» **Brief**
Copy the complete listing word for word, but do not carry over any images.

%%

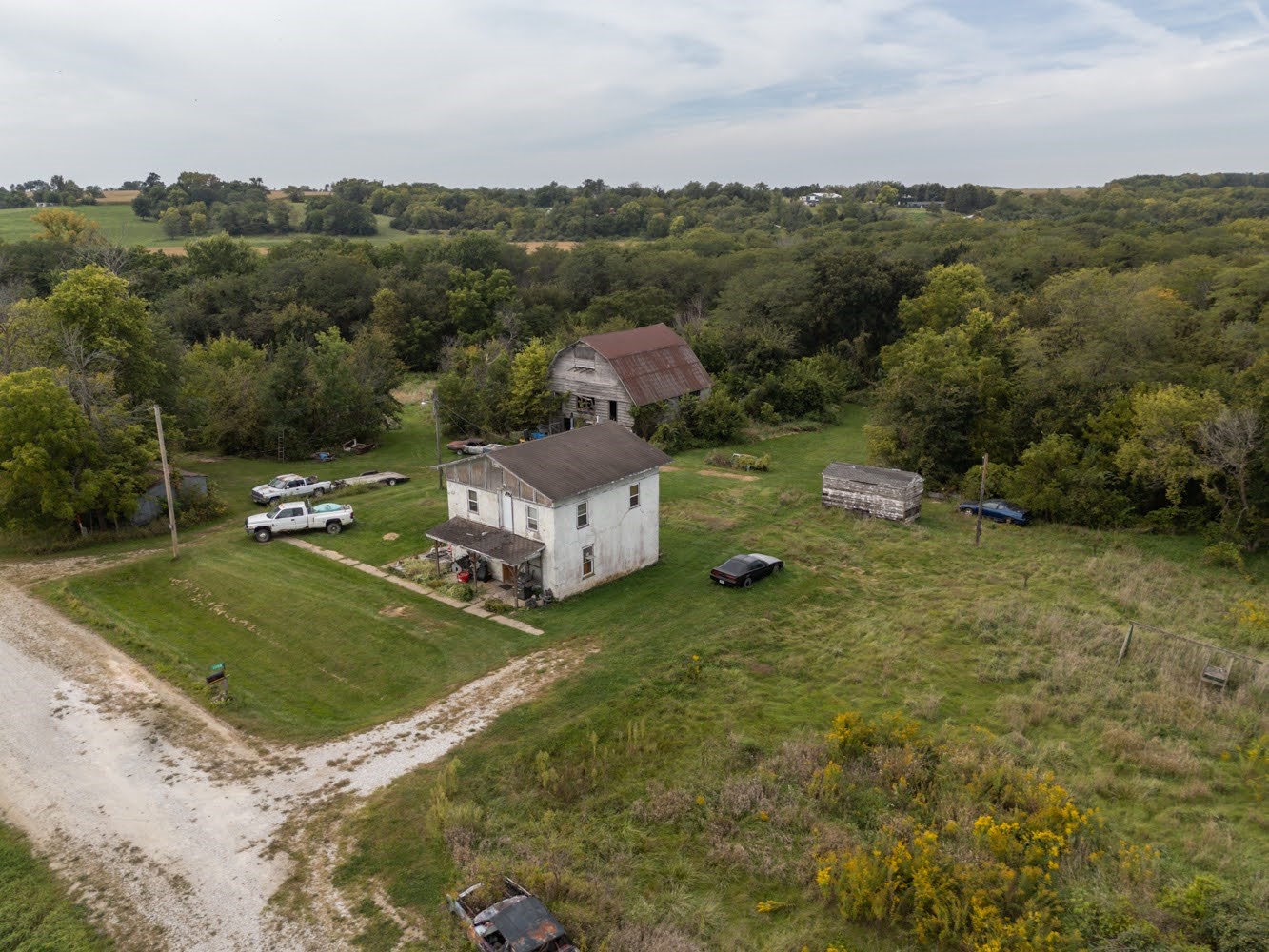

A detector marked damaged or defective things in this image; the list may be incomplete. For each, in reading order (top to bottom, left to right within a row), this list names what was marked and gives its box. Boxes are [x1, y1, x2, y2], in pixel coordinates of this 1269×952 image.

abandoned rusted vehicle [449, 876, 579, 952]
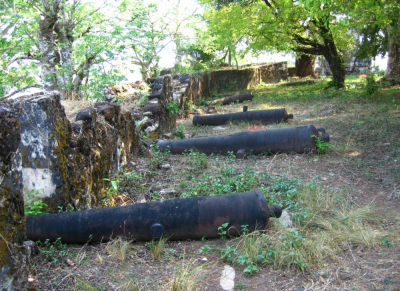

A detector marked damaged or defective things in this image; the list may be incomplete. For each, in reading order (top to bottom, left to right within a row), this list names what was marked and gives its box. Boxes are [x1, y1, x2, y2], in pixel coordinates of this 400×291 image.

rusty iron cannon [192, 107, 292, 125]
rusty iron cannon [158, 124, 330, 156]
rusty iron cannon [25, 192, 282, 244]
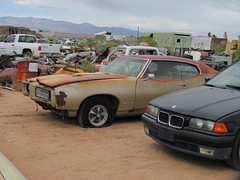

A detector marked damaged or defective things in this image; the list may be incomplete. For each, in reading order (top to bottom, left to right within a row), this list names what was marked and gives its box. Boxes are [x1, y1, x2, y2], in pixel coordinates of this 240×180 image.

damaged car body [22, 55, 218, 127]
damaged car body [142, 61, 240, 169]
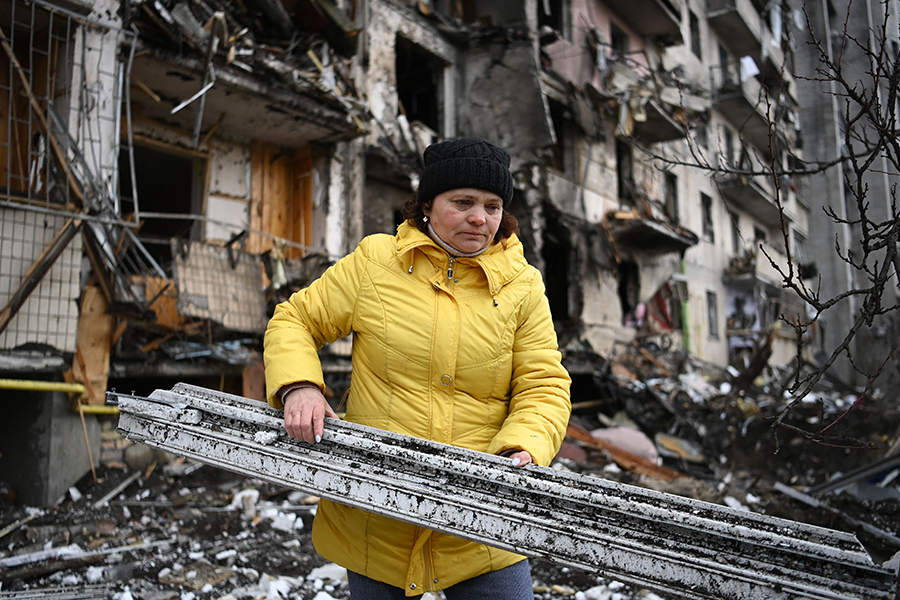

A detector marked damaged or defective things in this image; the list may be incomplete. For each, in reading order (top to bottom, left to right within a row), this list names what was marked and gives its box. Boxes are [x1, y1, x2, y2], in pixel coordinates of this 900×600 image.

burned balcony [596, 0, 684, 46]
broken window [688, 11, 704, 59]
burned balcony [708, 0, 784, 79]
broken window [398, 37, 446, 137]
broken window [117, 143, 205, 268]
damaged residential building [0, 0, 812, 504]
broken window [616, 139, 636, 203]
burned balcony [608, 210, 700, 256]
broken window [664, 171, 680, 225]
burned balcony [712, 175, 784, 231]
broken window [620, 262, 640, 326]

%%

» **Result for this exercise**
A detector marked damaged or defective things in this image; the list may be incomplete. For each, in reading order (top to bottom, left to right within a row), this list names what was marked and gives its box. Boxes are [x1, y1, x2, y2], in pixel coordinates of this 1269×952 image.

abandoned rusted vehicle [449, 876, 579, 952]

A detector marked damaged or defective things in this image; the list may be incomplete. For each, in reading order (top to bottom, left to right within a row), this list names what was marked and gives its box. Boxes are [x1, y1, x2, y2], in pixel coordinates of this 400×291 image.

rusty iron cannon [192, 107, 292, 125]
rusty iron cannon [158, 124, 330, 156]
rusty iron cannon [25, 192, 282, 244]

A detector marked damaged or defective things in this image; the list may be incomplete. For each, in reading order (top to bottom, left to right within a row), this list names what was marked and gives its box. Boxes are [x1, y1, x2, y2], in pixel coordinates of this 240×180 image.

damaged car body [22, 55, 218, 127]
damaged car body [142, 61, 240, 169]

A detector marked damaged or defective things in this image; the list may be incomplete. For each, in reading order (top to bottom, left to right within a row), this list names what was marked and gives its box. Boxes are [x1, y1, x2, y2], in pixel coordinates of this 900×600 image.

burned balcony [596, 0, 684, 46]
broken window [688, 11, 704, 59]
burned balcony [708, 0, 784, 79]
broken window [398, 37, 446, 137]
broken window [117, 143, 205, 268]
damaged residential building [0, 0, 812, 504]
broken window [616, 139, 636, 203]
burned balcony [608, 210, 700, 256]
broken window [664, 171, 680, 225]
burned balcony [712, 175, 784, 231]
broken window [620, 262, 640, 326]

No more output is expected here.